The art of ukemi is a complex collection of tasks that must be performed at a high level of comprehension. Your understanding of ukemi reflects your understanding of Aikido principles. As such, it should never be done lightly or in an insincere manner. After all, half your time learning Aikido is spent receiving techniques! Learning to be a good uke requires an understanding of giving sincere attacks, maintaining a good connection with your partner, and being able to escape safely through appropriate rolls and falls.

At the beginning, most of us are taught to attack by grabbing or striking. Since Aikido is a kata-based martial art, the effectiveness of the technique highly depends on the sincerity of the attack. A sincere attack is one that is manifested from the uke’s center and is given without reserve to their training partner. Speed is not as important as proper distance and appropriate trajectory. An important distinction exists between a sincere attack and a blind attack. A blind attack is one that is given from the center but lacks the uke’s attention or awareness. Even while giving a sincere attack, the uke should always be aware of their partner. An uke must be understand how a sudden shifts or movements by the nage will impact the movement. The idea of giving a sincere attack while maintaining control is a very difficult concept to grasp let alone perform. At the heart of this concept is the idea of connection.

Usually, connection is discussed as a way for the nage to maintain control during training. But connection is just as important for the uke to maintain as it is for the nage. It is part of giving a sincere attack. During a technique the uke should always be struggling to maintain connection with the nage; this is one of the most difficult aspects of ukemi. The uke is responsible for finding the balance between too much and too little energy and motion. In order to stay connected, the uke must always be working to maintain their balance. Since one objective of Aikido is to unbalance your partner, an ideal technique would find an unbalanced uke who is at the edge of regaining their balance. This requires a sense of awareness and understanding of the connection between the uke and the nage. Because of this connection, the uke can provide crucial feedback for the nage so that both partners are learning together.

Naturally when someone mentions ukemi, we conjure up images of rolls and falls done by the uke as a result of a throw. In reality, this is just a small (but important) piece of the ukemi puzzle. Practicing rolling and falling from different stances is key to learning how to escape techniques in a safe manner. Such practice allows you to gain confidence in yourself and puts you in a position to receive even when you don’t know what to expect. Even if the nage has the best of intentions and is trustworthy, you may find yourself in a position that requires an awkward fall. Being able to perform an awkward fall may be the difference between a serious injury and a safe escape. Performing falls can become an art in itself, and many practitioners study how to perform silent soft falls, high break falls, and the combination of the two: “soft break falls.” In addition, many study how to become nage while falling, thus maintaining the connection to their partner at all times. Although falling can be very graceful, safety is the ultimate goal while performing ukemi.

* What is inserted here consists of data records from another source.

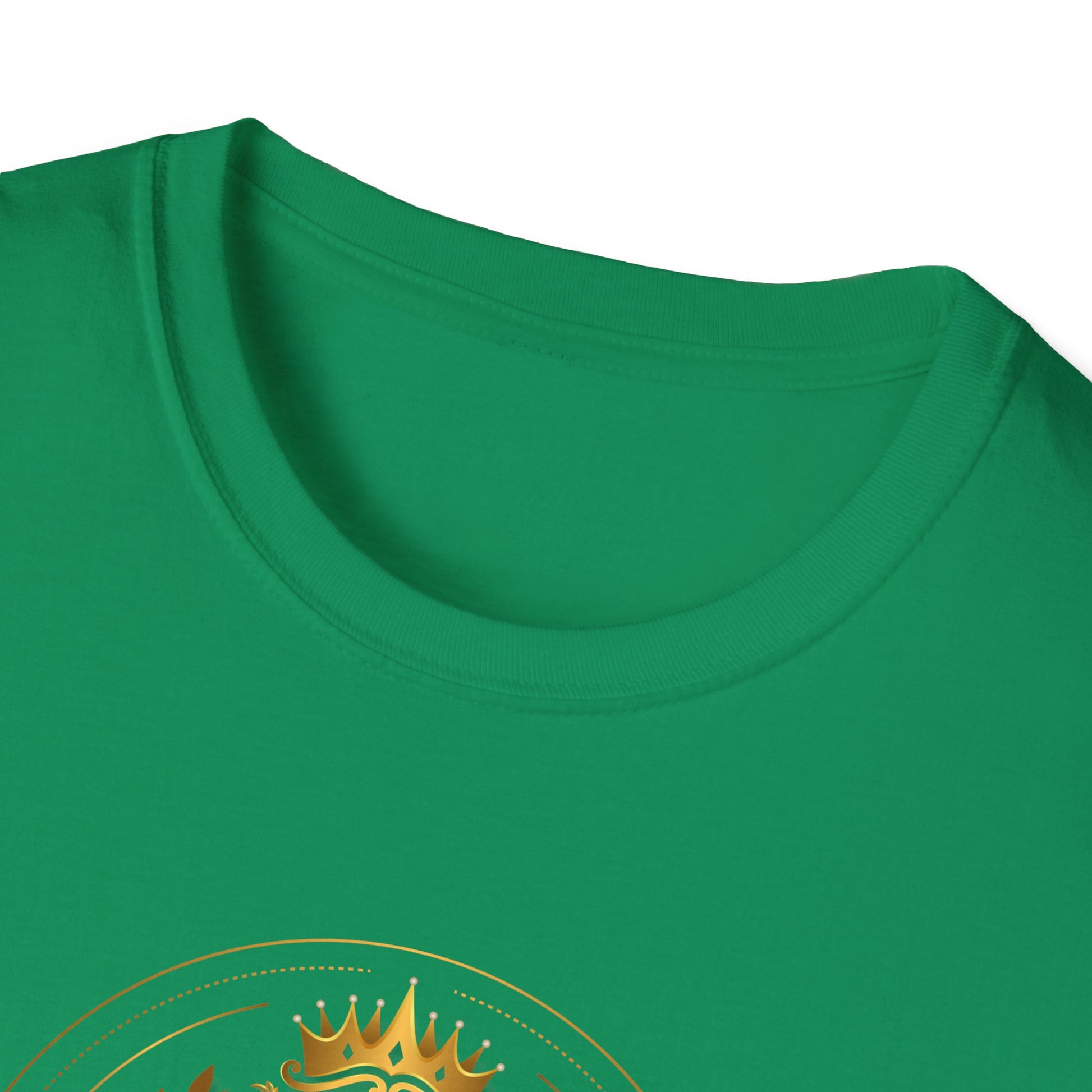 "Kingdom Standard" Unisex Softstyle T-Shirt - The Shield of Light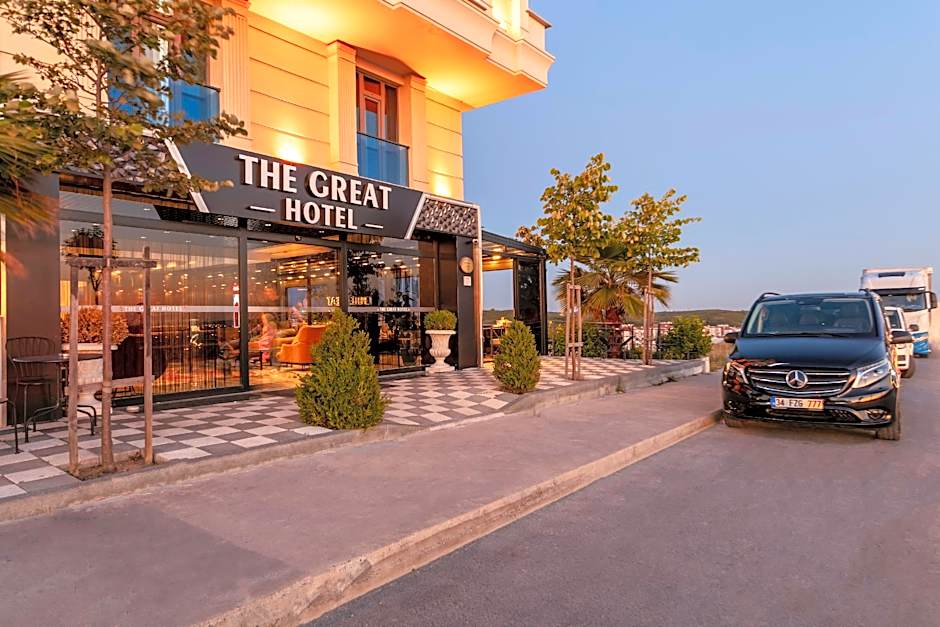 The Great Airport Hotel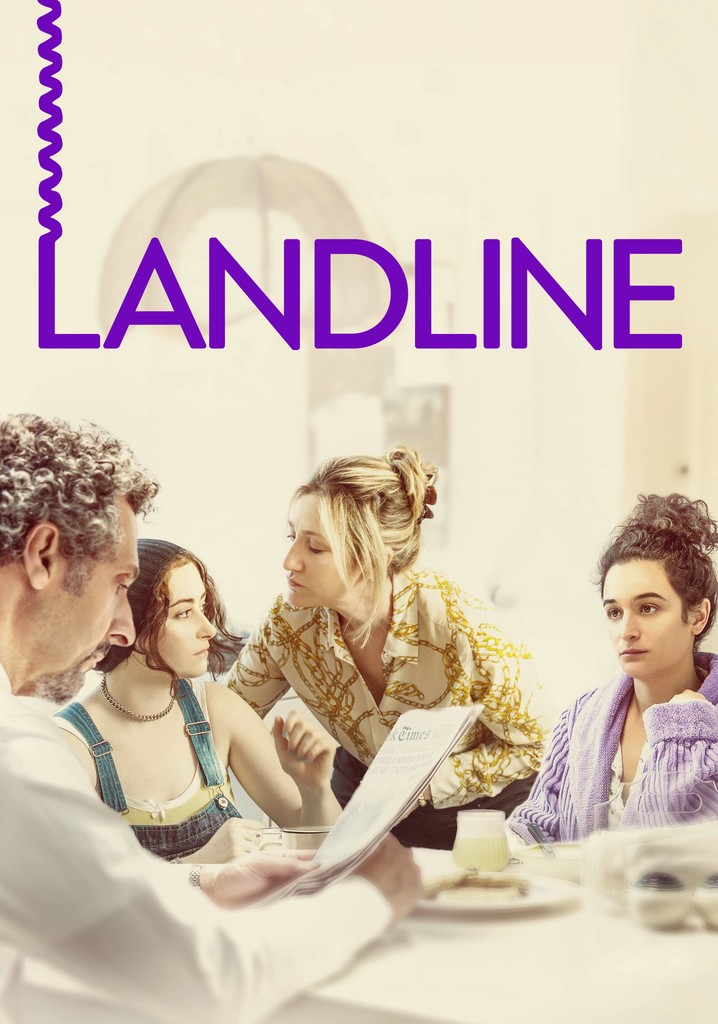 Landline poster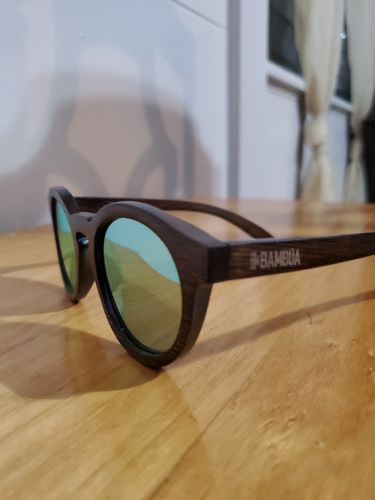 Customer photo review of Retro Gold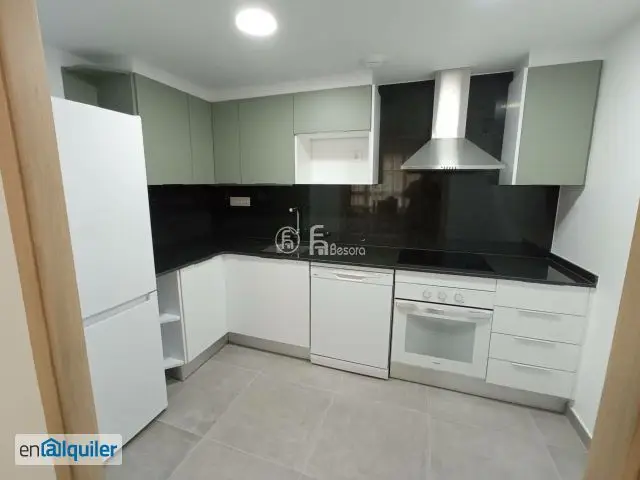 Alquiler Piso Amueblado Centro Historico 1 Dorm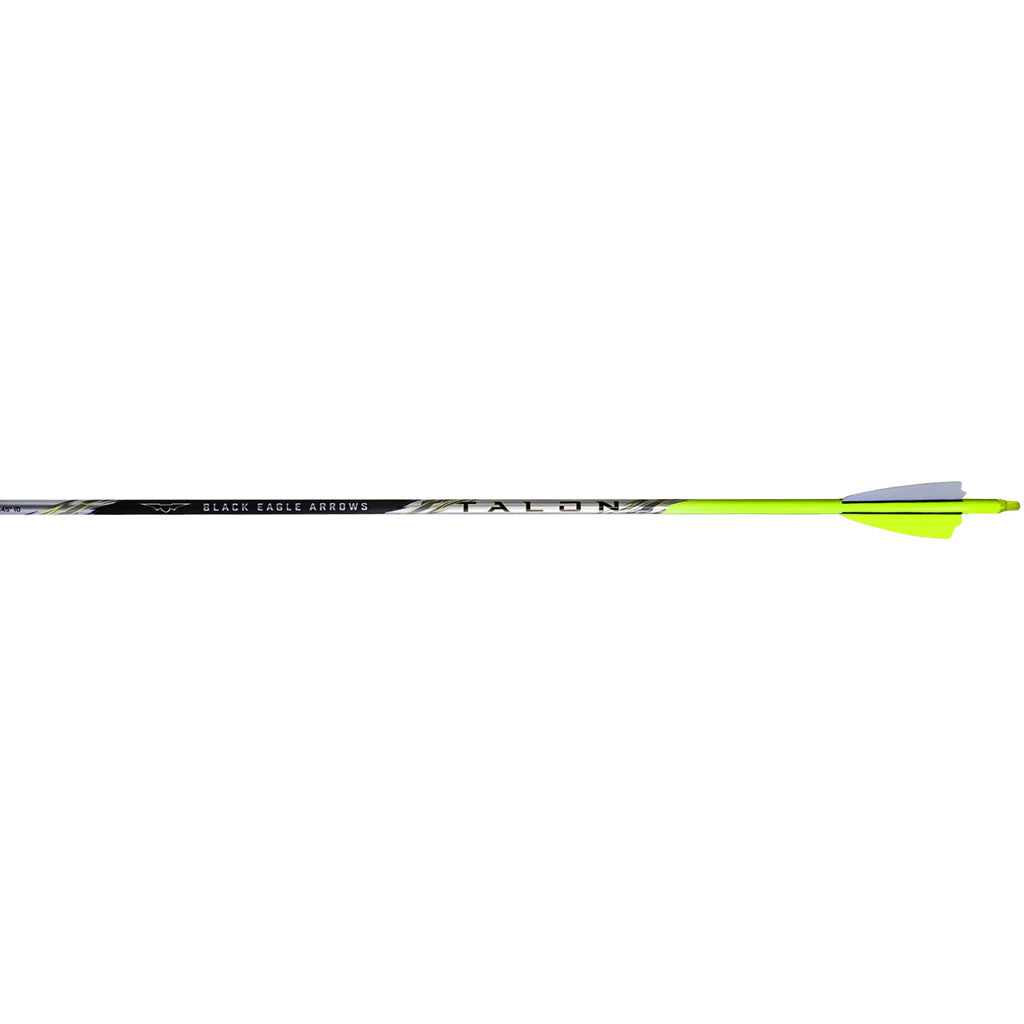 Black Eagle Talon .003 Straightness 350 Spine 2.5 in. Shield Vanes 6 pk.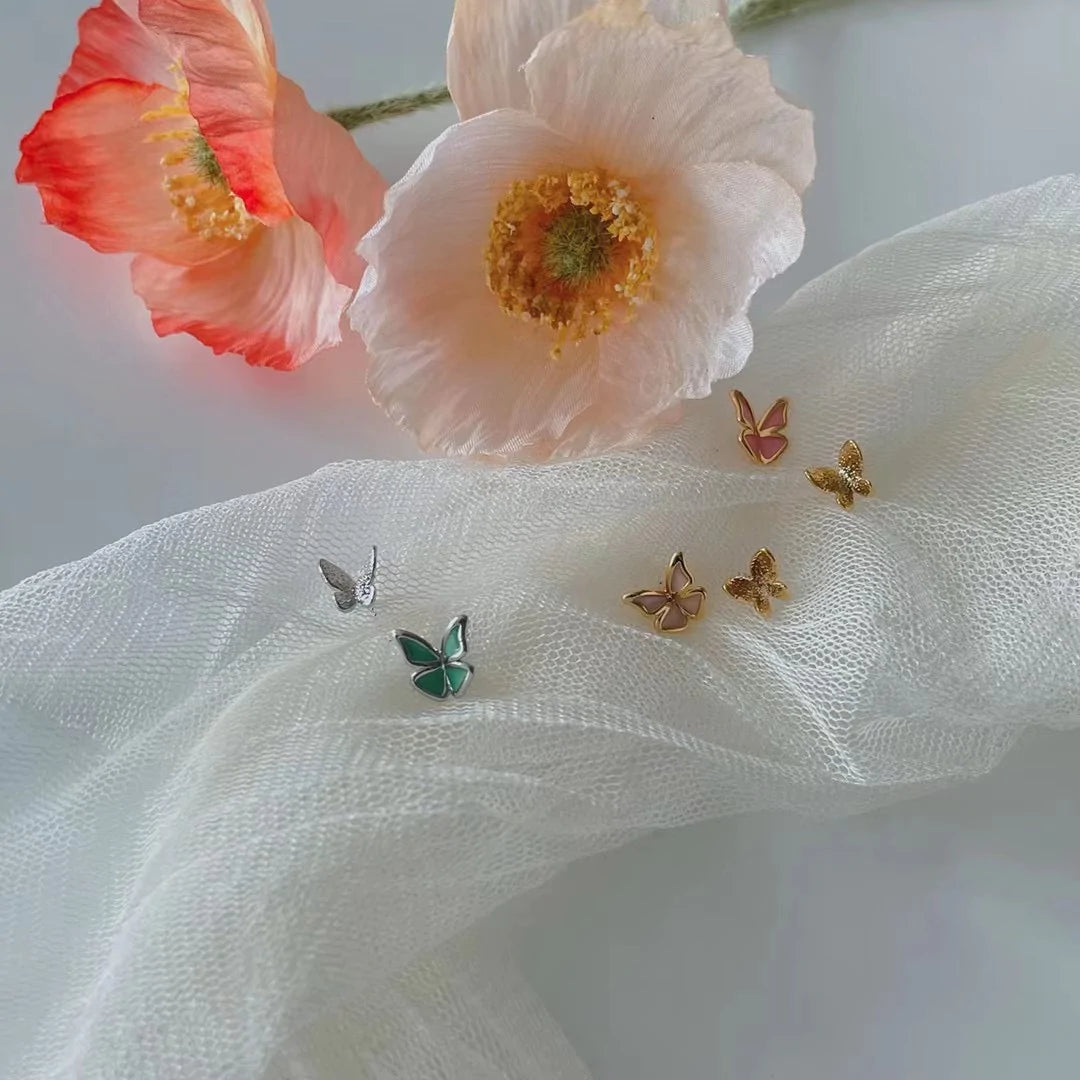 Butterfly Earrings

The best ukes are those who can give a sincere attack at the appropriate speed based on the level of the nage while maintaining connection with them. They will be able to lead the nage (often without the nage’s knowledge) through the technique and be able to take the appropriate fall necessary based on the energy given by the nage. The art of ukemi begins with a sincere attack, is followed by a struggle to maintain connection with the nage, and usually ends with a fall, bringing together the ideas of both giving and receiving. Ukemi should always be performed in a way that helps both training partners learn the principles of Aikido.